### YOUR INSTRUCTIONS
Each record must come back unchanged in your answer, stripped of its images.

### EXERCISE DATA
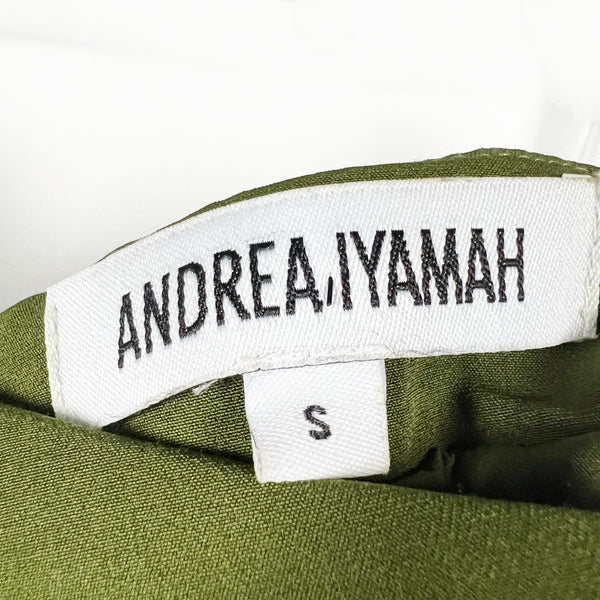 Andrea Iyamah R22D4 Kamala Pleated Ruffle Bodycon One Shoulder Midi Dress Green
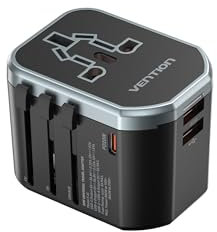 VENTION Reiseadapter Weltweit, 20W Quick Charge Internationaler Steckdosenadapter, Reisestecker mit 2*USB-A 1*Typ-C und 1*AC Steckdose, Universal Adapter Stecker England USA Europe Australien Thailand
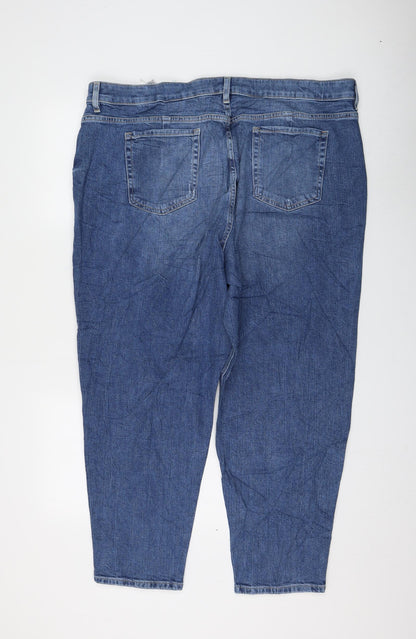 Womens UK Size 22 Marks and Spencer Regular Fit Mom Blue Jeans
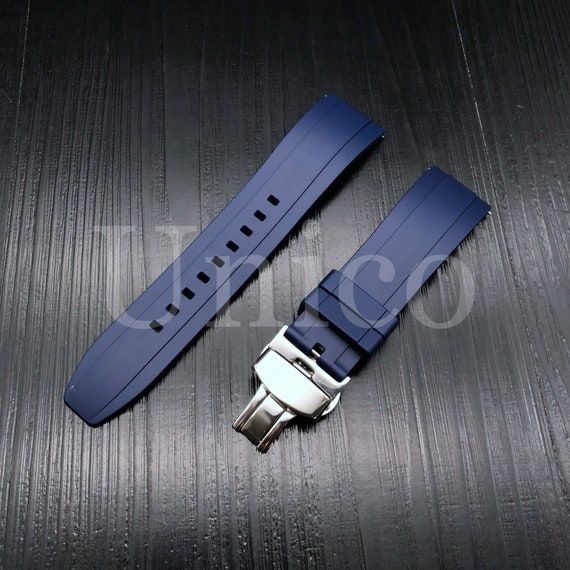 22mm Flat End Silicone Rubber Blue Strap for Seiko SKX Series - Etsy  Australia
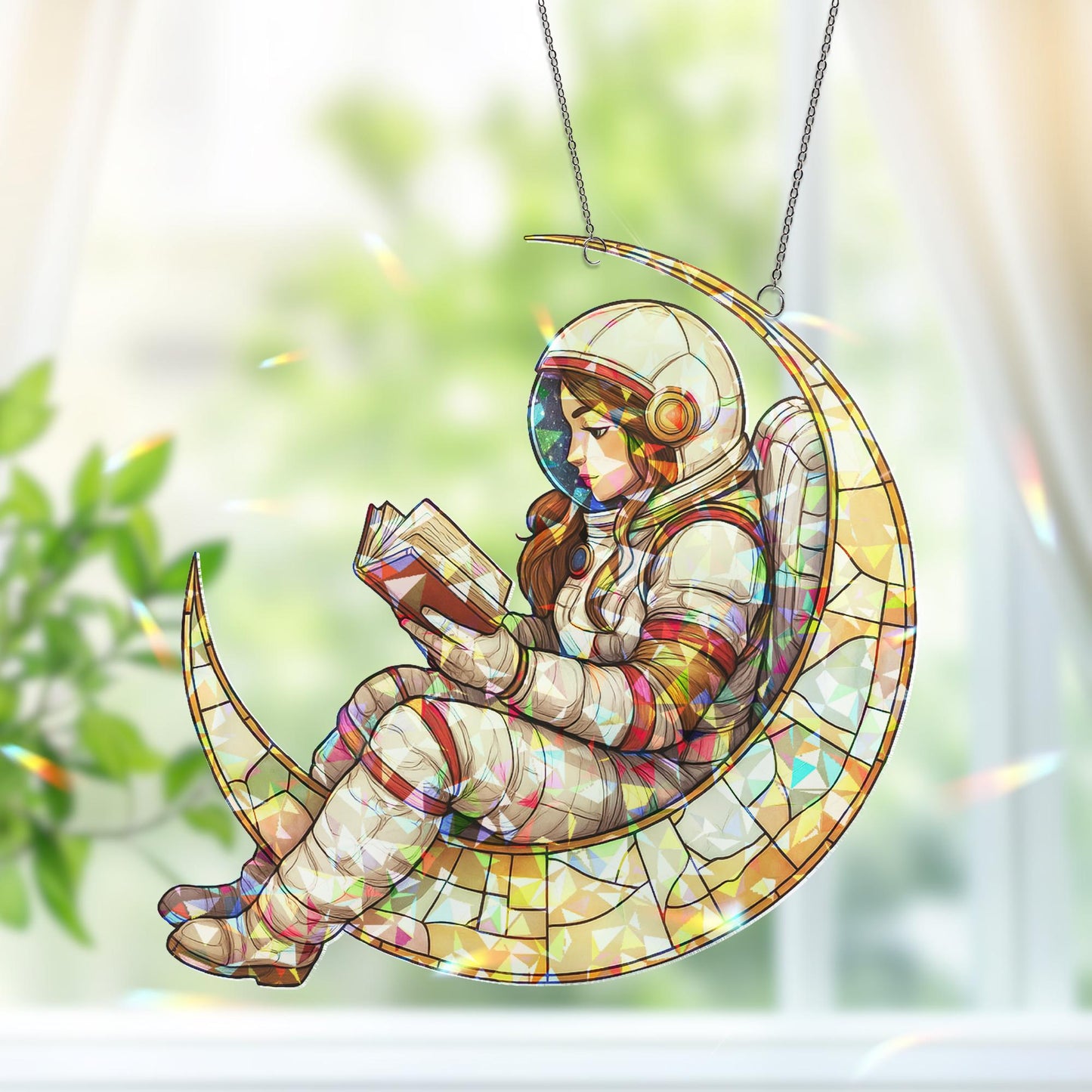 Astronaut on Moon Suncatcher, Cosmic Space Hanging, Book Lover Outer Space Gift, Galaxy Room Decor, Christmas Kid Gift, Book Lover Ornament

### EXERCISE ANSWER
 Andrea Iyamah R22D4 Kamala Pleated Ruffle Bodycon One Shoulder Midi Dress Green
 VENTION Reiseadapter Weltweit, 20W Quick Charge Internationaler Steckdosenadapter, Reisestecker mit 2*USB-A 1*Typ-C und 1*AC Steckdose, Universal Adapter Stecker England USA Europe Australien Thailand
 Womens UK Size 22 Marks and Spencer Regular Fit Mom Blue Jeans
 22mm Flat End Silicone Rubber Blue Strap for Seiko SKX Series - Etsy  Australia
 Astronaut on Moon Suncatcher, Cosmic Space Hanging, Book Lover Outer Space Gift, Galaxy Room Decor, Christmas Kid Gift, Book Lover Ornament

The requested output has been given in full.